Suan Son Pradiphat ( ) is a sand beach in Tambon Nong Kae, Hua Hin District, Prachuap Khiri Khan Province, Thailand. Suan Son Pradiphat is regarded as another popular and well-known marine attraction in Hua Hin, it is about 9 km (5.5 mi) south of town of Hua Hin. Khao Takiab hill bisected between these two areas.

Its name literally translates as "oak pine garden", because there are many this species of pines in the area.
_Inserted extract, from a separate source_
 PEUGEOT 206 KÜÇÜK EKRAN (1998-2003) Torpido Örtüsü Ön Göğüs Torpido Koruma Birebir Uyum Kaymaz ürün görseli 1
The beach is located in a military zone under supervision by Infantry Center, Royal Thai Army (RTA), therefore, it is a quiet and less crowded beach compared to other beaches of Hua Hin or Prachuap Khiri Khan. There are restaurant, food court, coffee shop, restroom, and bathroom service, or for who wants to stay overnight, there are accommodations service as well.  Along the beach is shady with oak pines. There are provided for rental service of tables, beach chairs, umbrellas for visitors. A Bryde's whale skeleton is displayed at the entrance to the beach.

Suan Son Pradiphat is easily accessible via Petchkasem Road (Highway 4). Rajabhakti Park is only 2 km (1.2 mi) from here, with Petchkasem Road in the middle.

An excursion train service from Bangkok terminates here every Saturday–Sunday and public holidays.